Colby Poster Printing Company: a legacy of fluorescent power made in LA
With their bold and strictly black typography emerging through the day-glow palette, Colby Poster Printing Company became an integral part of L.A.’s street aesthetic for more than a century. Sadly the all-manual print shop didn’t survive the digital age yet, luckily, it’s iconic heritage still goes strong.
Having its doors closed back in December of 2012, the Colby Poster Company made posters that were designed to catch the eye of passersby for more than half of a century. Delivering the message as directly as possible was the only task of each employee of the company that began in 1948 as a neighborhood operation to promote local happenings like street fairs, concerts, art exhibitions and political campaigns with their eye-catching flyers. No one had any formal training in graphic design. They were members of the letterpress union, the screen printers union, and the typesetters union.
“They were kind of naïve, breaking what most typographers would think is every rule”, says Brian Roettinger, the L.A.-based artist and graphic designer who co-authored the book—In the Good Name of the Company: Artworks and Ephemera Produced by or in Tandem with the Colby Printing Company. Along with Christopher Michlig and Jan Tumlir, the three men preserve Colby’s fluorescent legacy, featuring more than 300 full-color photographs of the company’s prints in the publication that followed an extensive exhibition at ForYourArt in L.A. four years ago.
“Since they were a merchant print shop, the company didn’t see what they did as art, and never created an archive of their own work” he told to Co.DESIGN. By creating this archive of the family-owned Colby’s signature fluorescent inks and bold, all-caps typography Roettinger, who grew up in L.A., helped save the company from obscurity. These people didn’t know they were making art. They didn’t sell any poster. They just made them. “If you wanted one of Colby’s posters, you had to steal it”, he commented.
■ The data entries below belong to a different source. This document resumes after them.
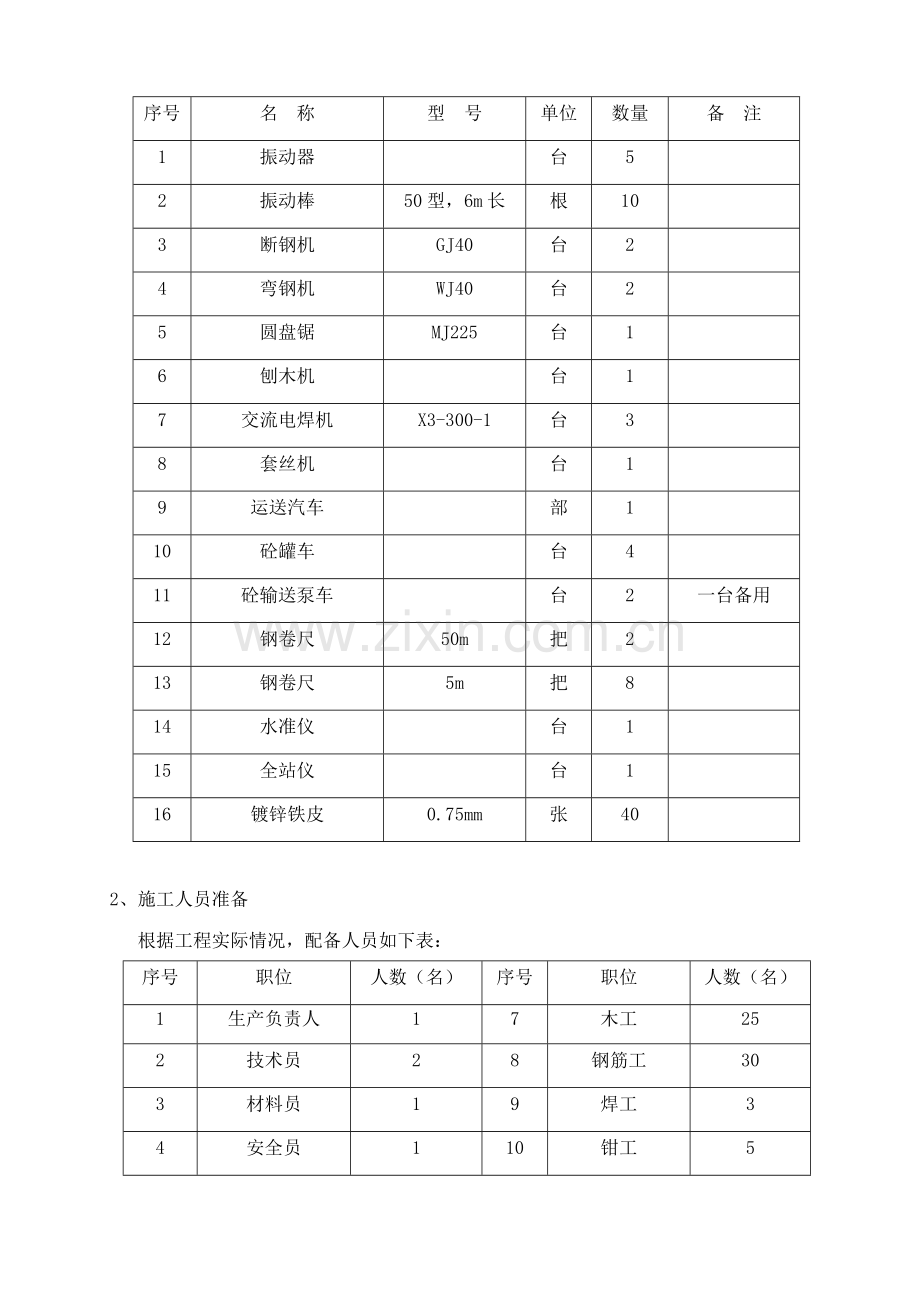 甘电栋汽机基础底板施工方案.doc_第3页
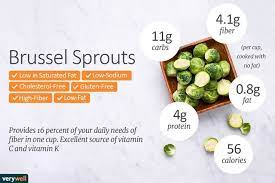 They should be 1 to 1.5 inches in diameter and hard, green, and compact.12﻿ frozen brussels sprouts are an equally nutritious alternative to fresh. Do Brussels Sprouts Have A Lot Of Calories And Fiber Brussel Sprouts Sprouts Nutrition Sprouts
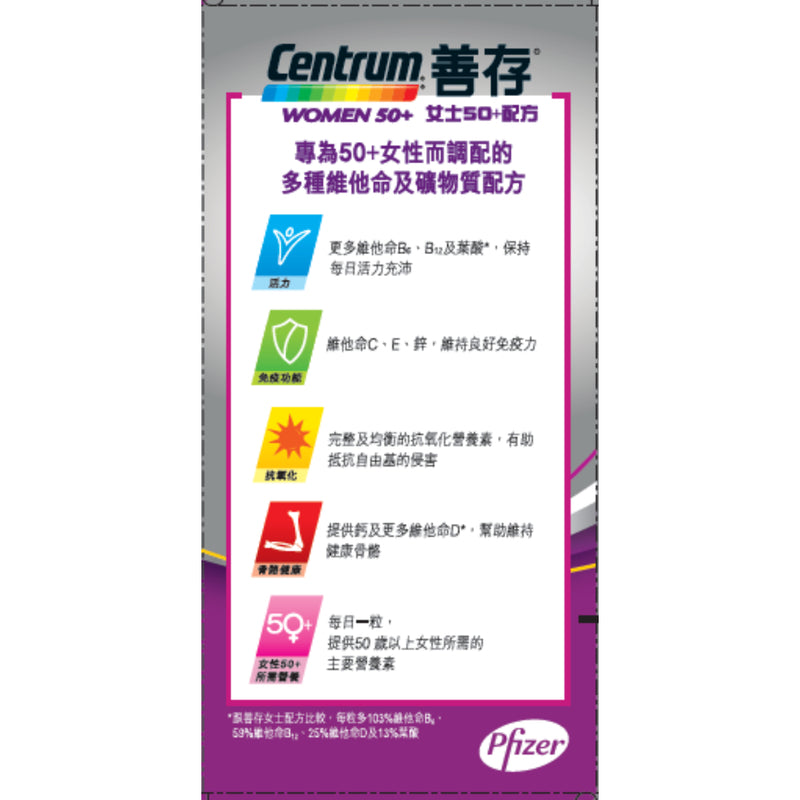 Centrum Women 50+ 60pcs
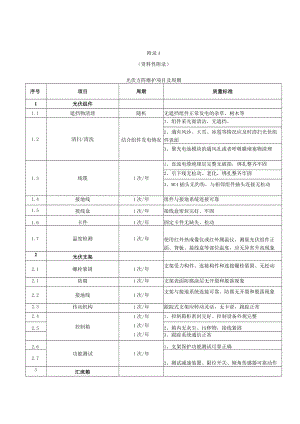 光伏方阵、逆变器、就地升压变压器、升压站、集电线路及电缆、计算机监控系统维护项目及周期.docx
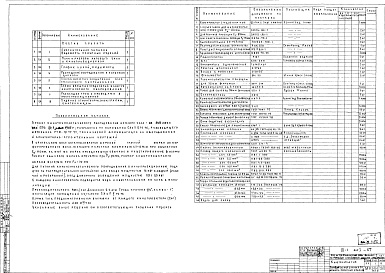 Вариант 1 Со встроенным сооружением двойного назначения АII-900/III-I-80 Часть VII-КТ Кинотехнология Раздел 1.Х.1 Надземная часть здания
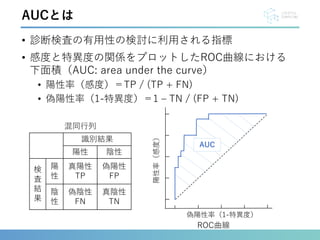 識別結果
陽性 陰性
検
査
結
果
陽
性
真陽性
TP
偽陽性
FP
陰
性
偽陰性
FN
真陰性
TN
AUCとは
• 診断検査の有用性の検討に利用される指標
• 感度と特異度の関係をプロットしたROC曲線における
下面積（AUC: area under the curve）
• 陽性率（感度）＝TP / (TP + FN)
• 偽陽性率（1-特異度）＝1 – TN / (FP + TN)
混同行列
ROC曲線
偽陽性率（1-特異度）
AUC
陽性率（感度）
 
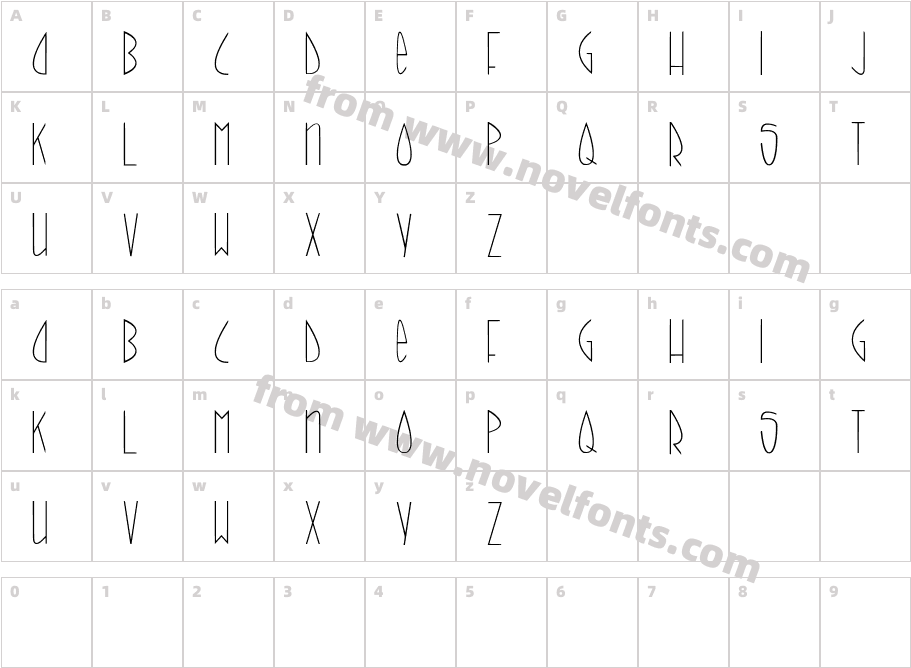 call it skinnyCharacter Map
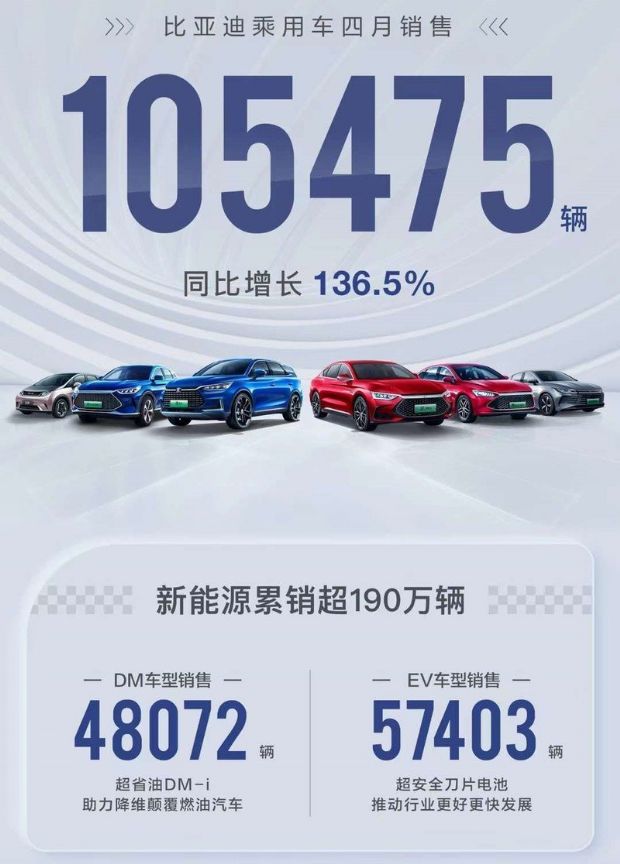 2月份汽車suv銷量排行_5月份汽車最新銷量榜_汽車3月份銷量排行榜2022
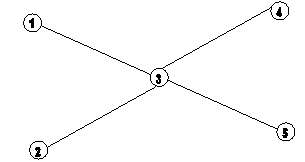 ���������� �������� �����...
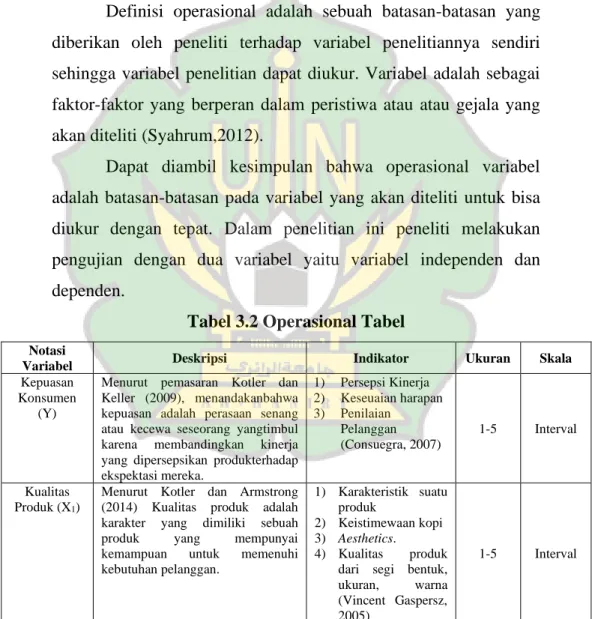 Tabel 3.2 Operasional Tabel 
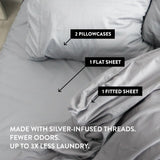 Luxe Cooling Bed Sheets –Silver Grey,Queen– 4 Piece Silver Infused, 300-Thread-Count Thermoregulating Miracle Clean & Cool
Colby’s minimal, lowbrow all caps typographic approach, which was typically employed to promote small-scale neighborhood events, became an artist’s favorite in 1962 when Ed Ruscha commissioned the company to create the announcement for his exhibition New Painting of Common Objects at the Pasadena Art Museum. The heavy, sans-serif typeface on the straight-faced announcement of a show that includes artists like Jim Dine, Roy Lichtenstein, and Andy Warhol, is characteristic of the company’s creations, “but it also seems to embody the Pop aspirations and strategies of the time, appropriating a vernacular form and recontextualizing it”.
Since then, the Colby Poster Printing Company has gone on to serve as an important resource to a broad range of LA-based artists providing them with an alternative escape of the studio or a gallery. Through Colby’s poster medium, artists could engage the life of the street and their posters became a form of public art perfectly suited to the LA context with its inherent transience and disposability.
From Allen Ruppersberg (who transcribed Allen Ginsberg’s epic poem “Howl” into phonetics in 2003) to Eve Fowler (who transcribed Gertrude Stein’s “Tender Buttons” onto Colby posters in 2012), Colby Poster Printing Company’s iconic bold typography helped artists reach the streets of L.A.
Their fluorescent posters and their collection of over 150 wood and metal (mostly sans serif) typefaces were a perfect match for literally anything.